6. Failure to pay any and all taxes, imposts, assessments or penalties, if any, lawfully
due to the Philippine Government or any of its agencies or political subdivisions;

7. Transacting business in the Philippines outside of the purpose or purposes for which
such corporation is authorized under its license;

8. Transacting business in the Philippines as agent of or acting for and in behalf of any
foreign corporation or entity not duly licensed to do business in the Philippines; or

9. Any other ground as would render it unfit to transact business in the Philippines. (n)

Sec. 135. Issuance of certificate of revocation. - Upon the revocation of any such
license to transact business in the Philippines, the Securities and Exchange
Commission shall issue a corresponding certificate of revocation, furnishing a copy
thereof to the appropriate government agency in the proper cases.

The Securities and Exchange Commission shall also mail to the corporation at its
registered office in the Philippines a notice of such revocation accompanied by a copy
of the certificate of revocation. (n)

Sec. 136. Withdrawal of foreign corporations. - Subject to existing laws and


regulations, a foreign corporation licensed to transact business in the Philippines may
be allowed to withdraw from the Philippines by filing a petition for withdrawal of license.
No certificate of withdrawal shall be issued by the Securities and Exchange Commission
unless all the following requirements are met;

1. All claims which have accrued in the Philippines have been paid, compromised or
settled;

2. All taxes, imposts, assessments, and penalties, if any, lawfully due to the Philippine
Government or any of its agencies or political subdivisions have been paid; and

3. The petition for withdrawal of license has been published once a week for three (3)
consecutive weeks in a newspaper of general circulation in the Philippines.

TITLE XVI

MISCELLANEOUS PROVISIONS

Sec. 137. Outstanding capital stock defined. - The term "outstanding capital stock",
as used in this Code, means the total shares of stock issued under binding subscription
agreements to subscribers or stockholders, whether or not fully or partially paid, except
treasury shares. (n)

Sec. 138. Designation of governing boards. - The provisions of specific provisions of


this Code to the contrary notwithstanding, non-stock or special corporations may,
through their articles of incorporation or their by-laws, designate their governing boards
by any name other than as board of trustees. (n)

Sec. 139. Incorporation and other fees. - The Securities and Exchange Commission
is hereby authorized to collect and receive fees as authorized by law or by rules and
regulations promulgated by the Commission. (n)

Sec. 140. Stock ownership in certain corporations. - Pursuant to the duties specified
by Article XIV of the Constitution, the National Economic and Development Authority
shall, from time to time, make a determination of whether the corporate vehicle has
been used by any corporation or by business or industry to frustrate the provisions
thereof or of applicable laws, and shall submit to the Batasang Pambansa, whenever
deemed necessary, a report of its findings, including recommendations for their
prevention or correction.

Maximum limits may be set by the Batasang Pambansa for stockholdings in


corporations declared by it to be vested with a public interest pursuant to the provisions
of this section, belonging to individuals or groups of individuals related to each other by
consanguinity or affinity or by close business interests, or whenever it is necessary to
achieve national objectives, prevent illegal monopolies or combinations in restraint or
trade, or to implement national economic policies declared in laws, rules and regulations
designed to promote the general welfare and foster economic development.
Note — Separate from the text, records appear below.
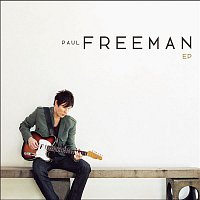 Paul Freeman – The Paul Freeman EP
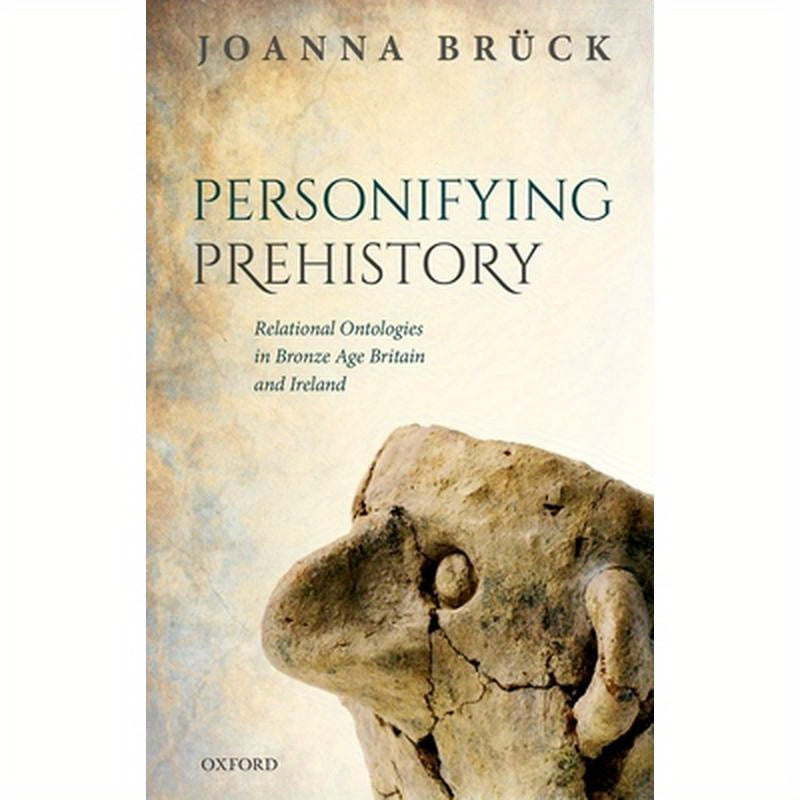 Personifying Prehistory: Relational Ontologies in Bronze Age Britain and Ireland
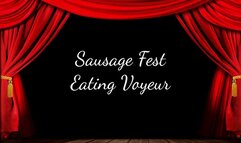 Sausage Fest Eating Voyeur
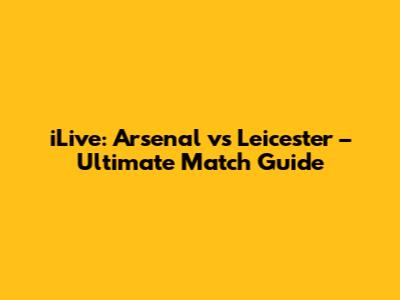 iLive: Arsenal vs Leicester – Ultimate Match Guide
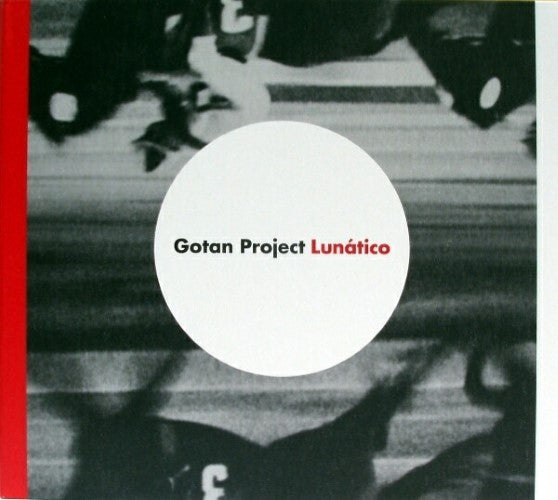 Gotan Project - Lunatico (CD)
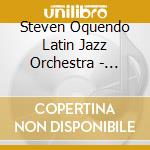 Steven Oquendo Latin Jazz Orchestra - Centennial Tribute To Tito & Tito cd
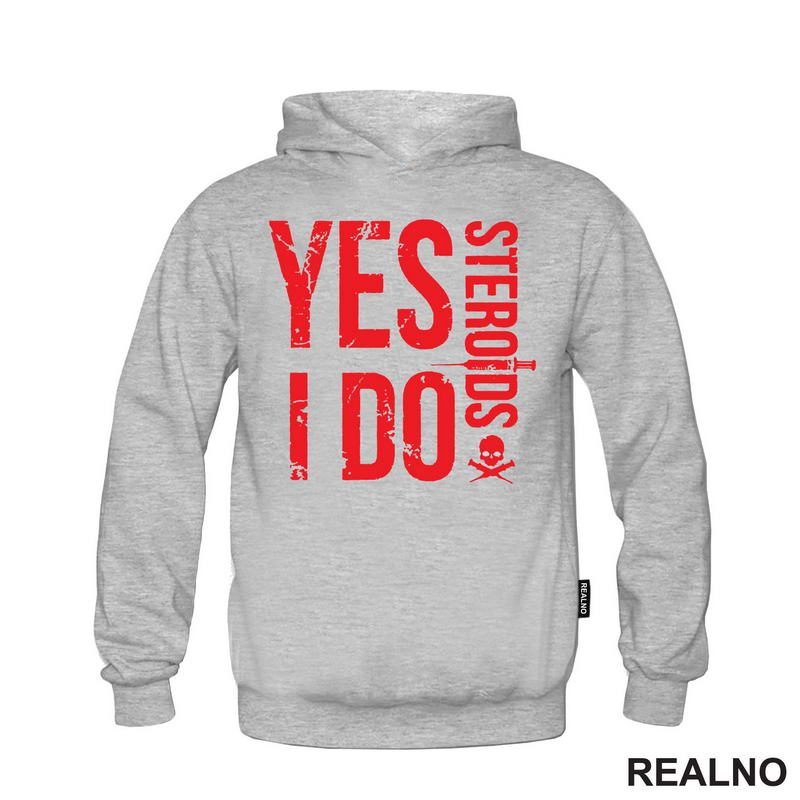 Yes I Do Steroids - Red - Trening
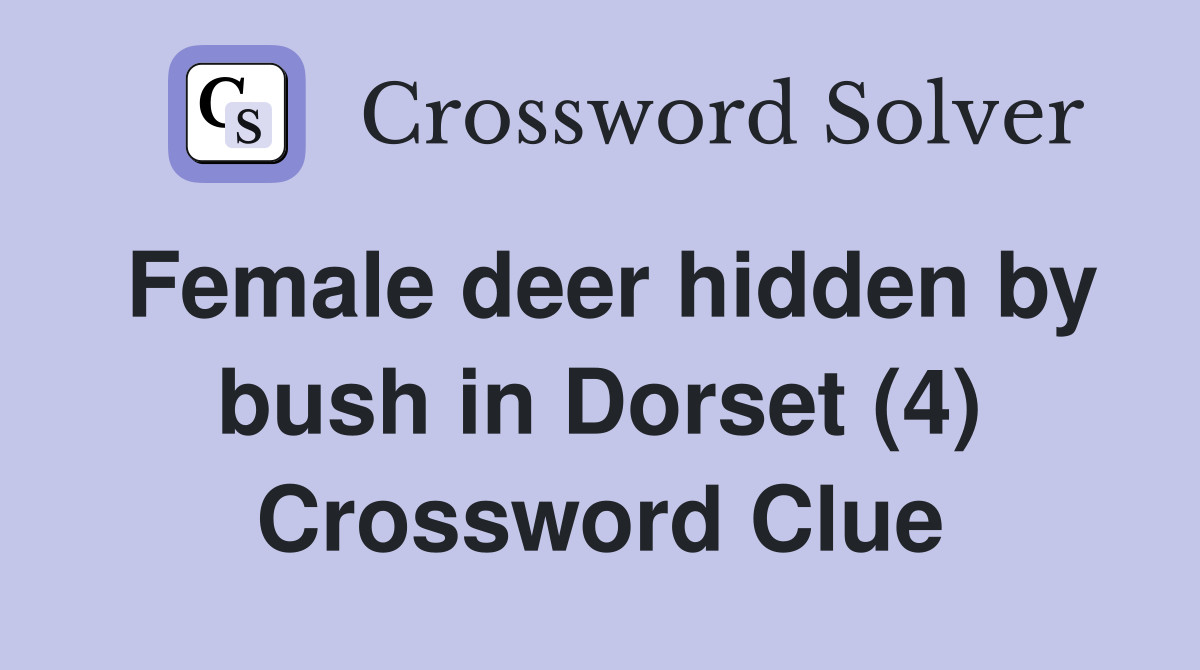 Female deer hidden by bush in Dorset (4) Crossword Clue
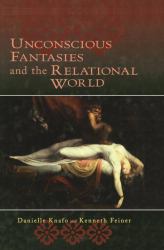 Unconscious Fantasies and the Relational World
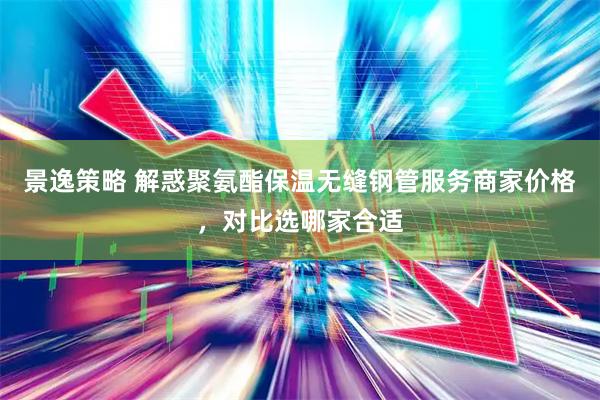 景逸策略 解惑聚氨酯保温无缝钢管服务商家价格，对比选哪家合适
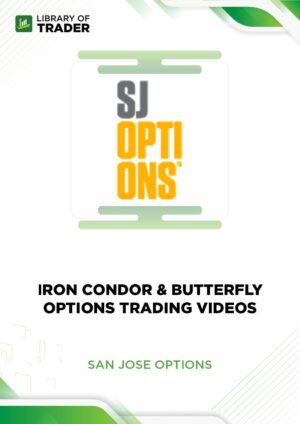 Iron Condor & Butterfly Options Trading Videos – San Jose Options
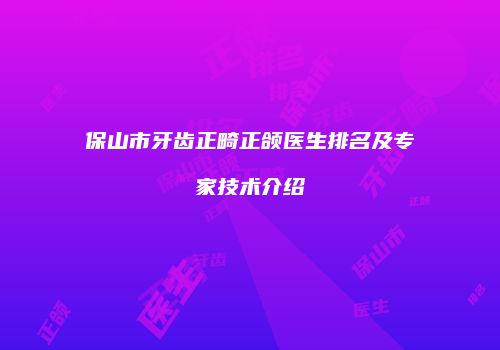 保山市牙齿正畸正颌医生排名及专家技术介绍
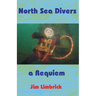North Sea Divers: A Requiem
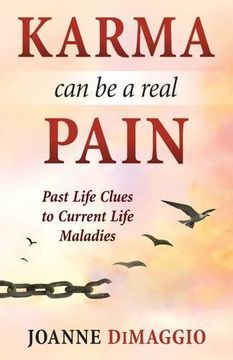 portada Karma Can Be a Real Pain: Past Life Clues to Current Life Maladies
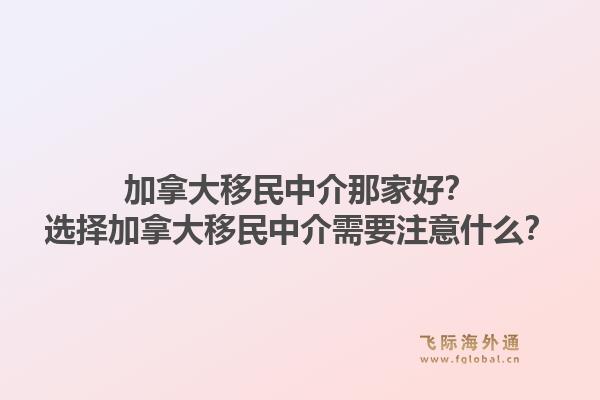 加拿大移民中介那家好？选择加拿大移民中介需要注意什么？1.jpg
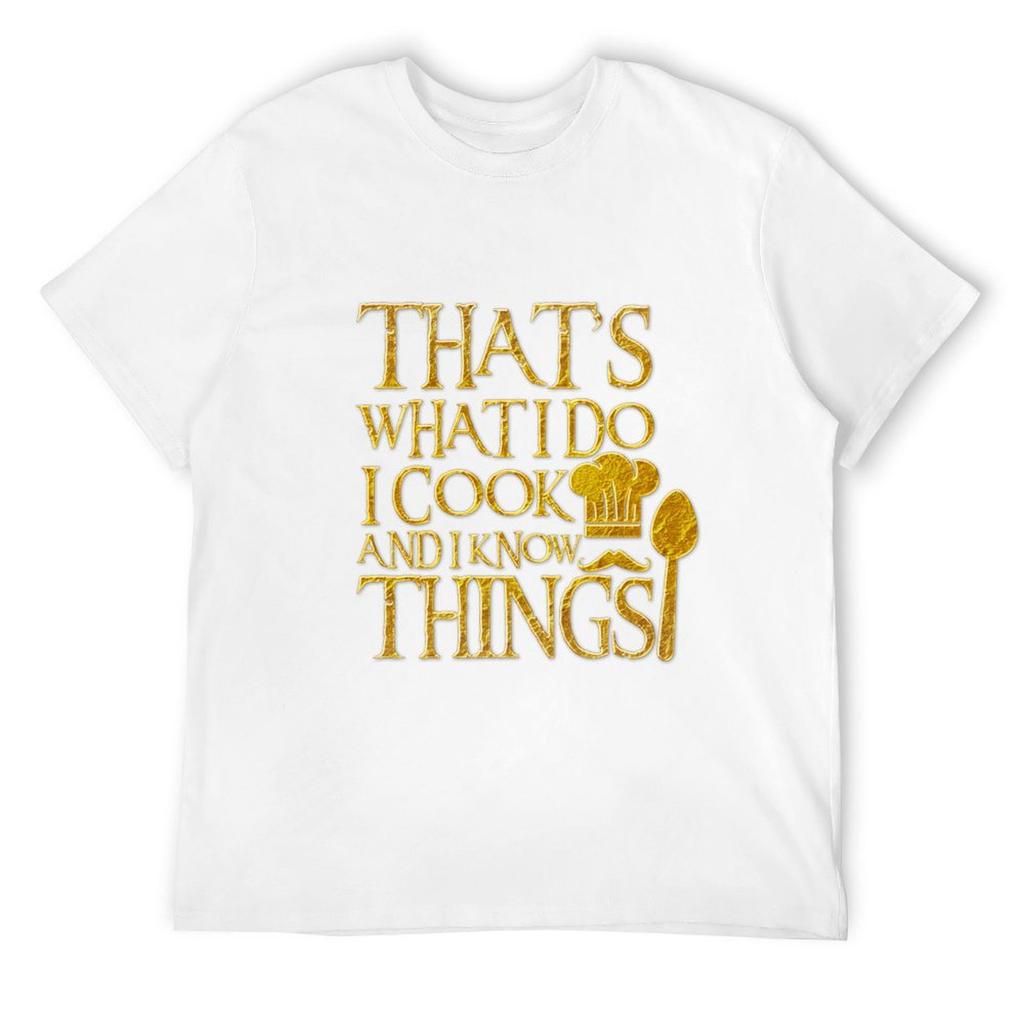That's What I Do I Cook And I Know Things for Cuisine lovers T-Shirt shirts graphic tee anime figures tops mens cotton t shirts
In recommending to the Batasang Pambansa corporations, business or industries to be


declared vested with a public interest and in formulating proposals for limitations on
stock ownership, the National Economic and Development Authority shall consider the
type and nature of the industry, the size of the enterprise, the economies of scale, the
geographic location, the extent of Filipino ownership, the labor intensity of the activity,
the export potential, as well as other factors which are germane to the realization and
promotion of business and industry.

Sec. 141. Annual report or corporations. - Every corporation, domestic or foreign,


lawfully doing business in the Philippines shall submit to the Securities and Exchange
Commission an annual report of its operations, together with a financial statement of its
assets and liabilities, certified by any independent certified public accountant in
appropriate cases, covering the preceding fiscal year and such other requirements as
the Securities and Exchange Commission may require. Such report shall be submitted
within such period as may be prescribed by the Securities and Exchange Commission.
(n)

Sec. 142. Confidential nature of examination results. - All interrogatories


propounded by the Securities and Exchange Commission and the answers thereto, as
well as the results of any examination made by the Commission or by any other official
authorized by law to make an examination of the operations, books and records of any
corporation, shall be kept strictly confidential, except insofar as the law may require the
same to be made public or where such interrogatories, answers or results are
necessary to be presented as evidence before any court. (n)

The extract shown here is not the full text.